Every line containing the word "only" is to be copied from the data below.
Start of RAW DATA
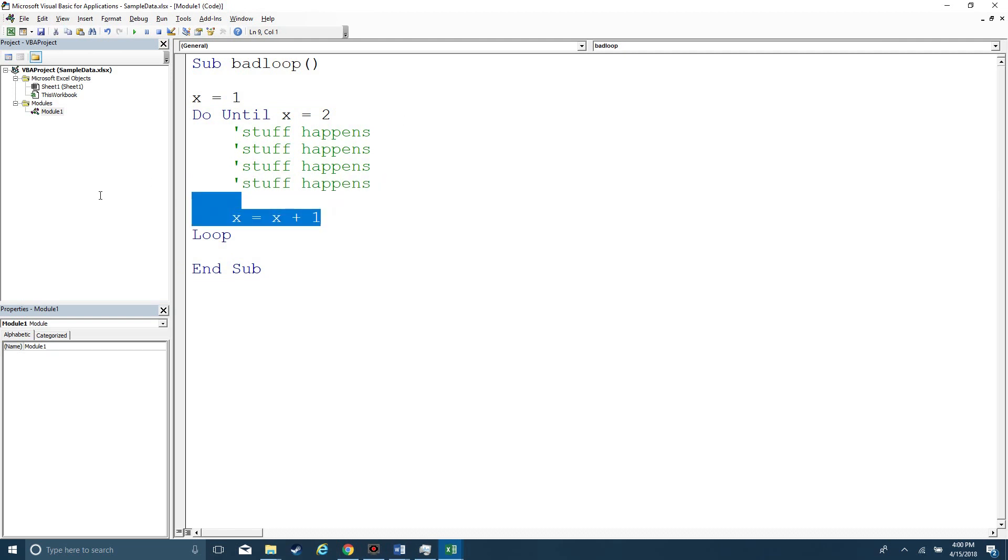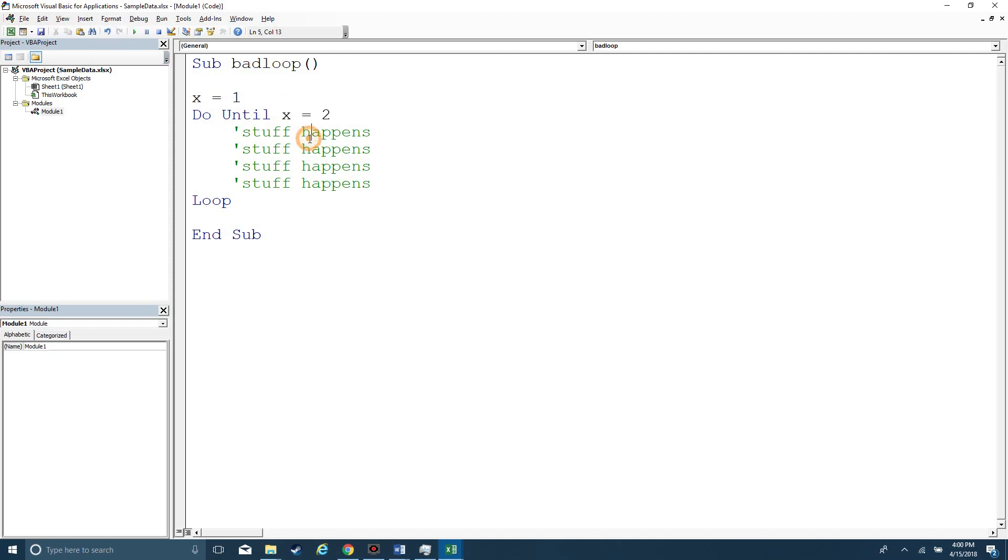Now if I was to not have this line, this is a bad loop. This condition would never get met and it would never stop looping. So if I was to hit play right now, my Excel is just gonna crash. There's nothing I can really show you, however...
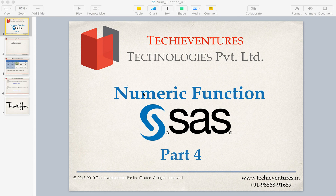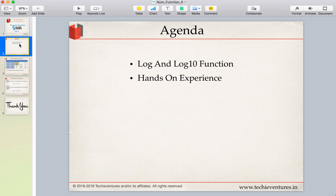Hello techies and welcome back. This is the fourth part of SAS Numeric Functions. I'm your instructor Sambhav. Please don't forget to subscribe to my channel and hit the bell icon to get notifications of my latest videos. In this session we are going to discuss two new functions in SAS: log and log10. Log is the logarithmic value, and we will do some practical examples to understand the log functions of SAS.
End of RAW DATA
Start of RAW DATA
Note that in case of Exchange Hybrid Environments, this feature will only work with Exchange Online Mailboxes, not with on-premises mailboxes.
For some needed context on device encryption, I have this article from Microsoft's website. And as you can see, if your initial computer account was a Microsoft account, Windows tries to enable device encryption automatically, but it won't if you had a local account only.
End of RAW DATA
> [ANSWER BELOW]:
Note that in case of Exchange Hybrid Environments, this feature will only work with Exchange Online Mailboxes, not with on-premises mailboxes.
For some needed context on device encryption, I have this article from Microsoft's website. And as you can see, if your initial computer account was a Microsoft account, Windows tries to enable device encryption automatically, but it won't if you had a local account only.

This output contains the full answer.